- EXERCISE DIRECTIONS:
Take the listing below and print exactly the lines starting at the line containing "ماكرون يستقبل زيلينسكي الاثنين في باريس" and ending at the line containing "Triple Room in B&B Via Nazionale Triple", both ends included, and no others.

○ ○ ○

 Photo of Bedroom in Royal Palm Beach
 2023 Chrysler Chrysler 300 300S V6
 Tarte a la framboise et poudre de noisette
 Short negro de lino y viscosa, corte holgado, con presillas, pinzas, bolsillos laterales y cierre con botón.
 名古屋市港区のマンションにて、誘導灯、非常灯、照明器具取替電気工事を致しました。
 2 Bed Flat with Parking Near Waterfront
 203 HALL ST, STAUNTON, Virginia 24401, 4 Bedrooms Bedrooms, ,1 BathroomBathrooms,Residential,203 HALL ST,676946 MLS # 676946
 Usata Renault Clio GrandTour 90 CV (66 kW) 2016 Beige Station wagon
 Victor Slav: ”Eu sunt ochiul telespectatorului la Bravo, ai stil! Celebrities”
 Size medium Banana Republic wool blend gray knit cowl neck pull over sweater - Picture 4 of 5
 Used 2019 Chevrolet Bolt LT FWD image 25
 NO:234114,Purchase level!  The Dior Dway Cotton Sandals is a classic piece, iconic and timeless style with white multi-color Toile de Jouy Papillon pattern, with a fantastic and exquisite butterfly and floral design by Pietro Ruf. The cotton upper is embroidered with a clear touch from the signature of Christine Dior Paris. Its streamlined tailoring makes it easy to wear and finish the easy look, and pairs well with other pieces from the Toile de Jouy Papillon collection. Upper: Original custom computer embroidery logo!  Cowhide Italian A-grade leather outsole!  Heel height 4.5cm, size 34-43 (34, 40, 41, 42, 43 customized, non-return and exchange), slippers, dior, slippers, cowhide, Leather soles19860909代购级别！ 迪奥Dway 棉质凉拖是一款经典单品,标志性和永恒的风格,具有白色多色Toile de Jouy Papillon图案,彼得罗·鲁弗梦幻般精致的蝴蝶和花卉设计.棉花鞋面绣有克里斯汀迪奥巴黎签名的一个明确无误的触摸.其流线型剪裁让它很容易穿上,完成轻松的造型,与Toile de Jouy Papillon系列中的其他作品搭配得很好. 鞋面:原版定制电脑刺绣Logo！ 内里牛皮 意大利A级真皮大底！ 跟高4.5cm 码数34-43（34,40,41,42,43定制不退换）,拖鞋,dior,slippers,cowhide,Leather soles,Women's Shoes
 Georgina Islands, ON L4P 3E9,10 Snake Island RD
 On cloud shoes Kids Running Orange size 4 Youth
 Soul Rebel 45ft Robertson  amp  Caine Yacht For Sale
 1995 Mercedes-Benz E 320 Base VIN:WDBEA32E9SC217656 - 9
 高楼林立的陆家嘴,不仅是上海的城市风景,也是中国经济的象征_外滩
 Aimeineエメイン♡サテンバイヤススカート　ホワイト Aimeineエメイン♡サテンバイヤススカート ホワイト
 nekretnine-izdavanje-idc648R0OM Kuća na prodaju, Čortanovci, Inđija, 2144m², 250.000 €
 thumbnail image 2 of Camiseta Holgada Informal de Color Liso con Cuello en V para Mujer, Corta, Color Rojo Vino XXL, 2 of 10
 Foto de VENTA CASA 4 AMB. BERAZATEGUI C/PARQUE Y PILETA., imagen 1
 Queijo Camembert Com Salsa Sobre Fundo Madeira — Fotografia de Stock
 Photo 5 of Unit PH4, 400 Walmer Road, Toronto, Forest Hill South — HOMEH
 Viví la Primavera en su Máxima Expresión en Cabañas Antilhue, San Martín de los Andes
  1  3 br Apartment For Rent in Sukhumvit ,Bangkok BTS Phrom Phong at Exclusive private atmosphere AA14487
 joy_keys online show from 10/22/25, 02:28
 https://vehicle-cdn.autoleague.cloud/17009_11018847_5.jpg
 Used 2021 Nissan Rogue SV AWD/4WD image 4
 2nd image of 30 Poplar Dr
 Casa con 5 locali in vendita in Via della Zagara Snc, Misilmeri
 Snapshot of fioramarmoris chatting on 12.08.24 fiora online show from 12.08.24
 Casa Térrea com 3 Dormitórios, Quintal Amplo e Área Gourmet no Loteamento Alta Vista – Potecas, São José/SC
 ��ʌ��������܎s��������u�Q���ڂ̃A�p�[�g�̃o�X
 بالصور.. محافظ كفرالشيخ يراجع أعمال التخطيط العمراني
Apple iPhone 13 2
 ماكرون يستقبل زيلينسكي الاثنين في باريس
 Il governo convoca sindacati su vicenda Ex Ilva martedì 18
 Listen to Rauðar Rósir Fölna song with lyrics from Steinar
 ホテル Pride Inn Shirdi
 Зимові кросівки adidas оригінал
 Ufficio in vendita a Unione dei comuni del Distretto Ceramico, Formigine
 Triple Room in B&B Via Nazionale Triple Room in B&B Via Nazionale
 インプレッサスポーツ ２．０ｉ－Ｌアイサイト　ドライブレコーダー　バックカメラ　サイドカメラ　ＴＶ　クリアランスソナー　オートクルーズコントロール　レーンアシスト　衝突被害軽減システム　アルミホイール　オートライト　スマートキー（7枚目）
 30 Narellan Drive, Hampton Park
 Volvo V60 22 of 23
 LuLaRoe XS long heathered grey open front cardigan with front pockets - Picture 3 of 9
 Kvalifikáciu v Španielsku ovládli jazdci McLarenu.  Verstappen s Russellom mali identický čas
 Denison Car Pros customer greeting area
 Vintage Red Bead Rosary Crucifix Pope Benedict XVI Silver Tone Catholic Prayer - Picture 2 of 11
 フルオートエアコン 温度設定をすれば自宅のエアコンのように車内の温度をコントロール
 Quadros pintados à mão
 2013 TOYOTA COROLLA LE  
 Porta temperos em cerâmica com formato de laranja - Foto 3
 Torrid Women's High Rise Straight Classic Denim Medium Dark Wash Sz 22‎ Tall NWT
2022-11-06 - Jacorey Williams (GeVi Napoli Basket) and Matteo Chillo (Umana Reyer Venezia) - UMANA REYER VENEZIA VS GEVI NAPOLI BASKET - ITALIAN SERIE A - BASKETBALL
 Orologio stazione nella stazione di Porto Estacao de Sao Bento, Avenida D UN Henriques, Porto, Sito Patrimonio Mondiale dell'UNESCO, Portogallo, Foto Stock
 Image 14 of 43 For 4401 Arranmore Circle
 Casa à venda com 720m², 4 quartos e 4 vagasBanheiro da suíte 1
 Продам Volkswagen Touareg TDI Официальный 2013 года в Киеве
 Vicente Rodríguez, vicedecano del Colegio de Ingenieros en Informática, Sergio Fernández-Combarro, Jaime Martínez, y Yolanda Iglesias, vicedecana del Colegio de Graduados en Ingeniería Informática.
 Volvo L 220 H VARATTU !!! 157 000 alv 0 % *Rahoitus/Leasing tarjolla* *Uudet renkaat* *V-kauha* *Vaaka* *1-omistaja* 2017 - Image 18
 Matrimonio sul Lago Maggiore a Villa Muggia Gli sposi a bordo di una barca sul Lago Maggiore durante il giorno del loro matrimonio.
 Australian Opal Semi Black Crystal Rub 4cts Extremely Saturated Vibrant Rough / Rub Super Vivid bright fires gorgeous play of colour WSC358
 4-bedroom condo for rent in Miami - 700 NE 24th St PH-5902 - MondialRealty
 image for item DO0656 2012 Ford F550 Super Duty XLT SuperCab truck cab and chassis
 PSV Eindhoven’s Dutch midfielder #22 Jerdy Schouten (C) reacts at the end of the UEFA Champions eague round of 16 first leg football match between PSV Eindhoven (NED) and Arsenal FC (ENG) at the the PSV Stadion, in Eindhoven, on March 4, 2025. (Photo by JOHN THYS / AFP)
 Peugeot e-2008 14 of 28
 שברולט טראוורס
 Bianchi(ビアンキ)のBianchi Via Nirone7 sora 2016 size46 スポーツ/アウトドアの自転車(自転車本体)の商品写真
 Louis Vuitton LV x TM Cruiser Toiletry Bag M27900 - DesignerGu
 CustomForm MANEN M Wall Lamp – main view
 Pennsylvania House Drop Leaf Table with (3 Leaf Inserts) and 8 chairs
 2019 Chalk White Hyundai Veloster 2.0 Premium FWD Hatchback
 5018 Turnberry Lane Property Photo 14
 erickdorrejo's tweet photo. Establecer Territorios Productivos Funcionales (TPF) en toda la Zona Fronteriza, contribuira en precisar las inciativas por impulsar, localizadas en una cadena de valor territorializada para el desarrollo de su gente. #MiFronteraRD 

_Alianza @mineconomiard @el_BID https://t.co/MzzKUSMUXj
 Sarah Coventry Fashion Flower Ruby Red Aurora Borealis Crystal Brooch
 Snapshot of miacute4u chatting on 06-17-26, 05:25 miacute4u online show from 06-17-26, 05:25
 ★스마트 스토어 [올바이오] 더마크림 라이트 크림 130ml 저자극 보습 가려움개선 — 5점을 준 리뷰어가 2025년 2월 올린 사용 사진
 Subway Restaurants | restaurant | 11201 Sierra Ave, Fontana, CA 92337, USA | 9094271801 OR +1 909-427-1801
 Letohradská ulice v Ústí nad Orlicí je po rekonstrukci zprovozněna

○ ○ ○

- OUTPUT FOR THIS EXERCISE:
 ماكرون يستقبل زيلينسكي الاثنين في باريس
 Il governo convoca sindacati su vicenda Ex Ilva martedì 18
 Listen to Rauðar Rósir Fölna song with lyrics from Steinar
 ホテル Pride Inn Shirdi
 Зимові кросівки adidas оригінал
 Ufficio in vendita a Unione dei comuni del Distretto Ceramico, Formigine
 Triple Room in B&B Via Nazionale Triple Room in B&B Via Nazionale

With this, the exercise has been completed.